I found myself astray in a dark wood
where the straight road had been lost.
Dante, Inferno
Going to Columbia College changed my life the most. I stopped competing with the boy in the next desk and started competing with Aristotle and Plato, with Rousseau and Thoreau and Rimbaud.
In the middle of the journey of my life, after two years of college, I cast aside the mathematics and physics that had guided me and entered the dark wood of poetry and prose.
“Let’s see them get me to make a bomb out of this!” I chortled as I neatly wrecked my career.
Another big change in my life came from my struggle to learn Japanese. I was learning French while working in the language lab at Brown, which still used magnetic audiotape machines, and another fellow there was studying Japanese. “Hmm, an Asian language,” I mused. “I’m invulnerable, how hard can it be?” I’ll tell you how hard. After I spent six months studying the two 49-character alphabets and starting to memorize some of the 3,000 ideograms that form a basic education in that language, I hated to throw away all that time, so the following semester, I continued. Nowadays when I meet someone who is considering beginning to learn Japanese, I advise them not to start.

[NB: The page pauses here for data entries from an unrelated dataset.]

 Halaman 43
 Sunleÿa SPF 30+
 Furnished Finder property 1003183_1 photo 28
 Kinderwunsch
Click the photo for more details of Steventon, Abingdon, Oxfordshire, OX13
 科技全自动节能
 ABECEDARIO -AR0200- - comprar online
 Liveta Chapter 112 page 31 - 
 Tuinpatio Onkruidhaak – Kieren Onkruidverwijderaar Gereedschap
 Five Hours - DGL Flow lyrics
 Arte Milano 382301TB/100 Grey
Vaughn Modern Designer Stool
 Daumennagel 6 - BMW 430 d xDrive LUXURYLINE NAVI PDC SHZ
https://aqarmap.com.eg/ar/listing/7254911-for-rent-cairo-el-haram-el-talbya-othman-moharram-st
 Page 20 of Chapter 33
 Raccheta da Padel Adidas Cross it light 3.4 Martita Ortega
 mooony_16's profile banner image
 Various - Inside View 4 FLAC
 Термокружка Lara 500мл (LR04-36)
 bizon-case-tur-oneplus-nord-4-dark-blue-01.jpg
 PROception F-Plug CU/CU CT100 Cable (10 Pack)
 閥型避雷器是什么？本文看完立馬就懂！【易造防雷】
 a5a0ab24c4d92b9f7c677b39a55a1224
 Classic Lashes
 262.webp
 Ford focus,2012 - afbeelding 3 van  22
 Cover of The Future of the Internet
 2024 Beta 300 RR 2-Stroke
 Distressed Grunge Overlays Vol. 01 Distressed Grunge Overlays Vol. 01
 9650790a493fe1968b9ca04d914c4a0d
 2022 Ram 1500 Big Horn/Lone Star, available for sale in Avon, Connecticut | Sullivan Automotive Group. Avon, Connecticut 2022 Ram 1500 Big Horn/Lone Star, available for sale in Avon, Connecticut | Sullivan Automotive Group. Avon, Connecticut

My then wife Kanako once asked me why I first came to Japan. I said that when I was a boy, I used to love reading science fiction and I always wanted to go to Mars. However, I realized that I wouldn’t get there in my lifetime so I came to Japan instead.
“What?!!!” she screeched.
“Just kidding,” I said, although I wasn’t. There are no aliens in science fiction stranger than the Japanese, and many science fiction books simply dress up the Tokugawa shoguns in fishbowl helmets and tell the stories that are now familiar to me.
I learned at seven that I was adopted and always wondered who I was, really, so I tried very hard to find that out. I ventured very far away from where I was born and the farther away I got, the easier I could see who I was and who I had become. I obsessively sought international experience and always wanted more than whatever was immediately available. I integrated into other cultures and kept my willingness to eat everything offered. It was only when I got to Japan that I learned what it was to be Jewish.
Why did I start to write these memoirs? One reason is that I have led a varied life and been by turns, auto mechanic, sous-chef, rock star (for 15 minutes), art collector, linguist, real-estate developer, lover, traveler, drunkard, and citizen. I want to tell some of my stories so I can see what drove me; I want to continue my life’s effort of getting far enough away from myself to see who I am.
Some would say that it’s about time.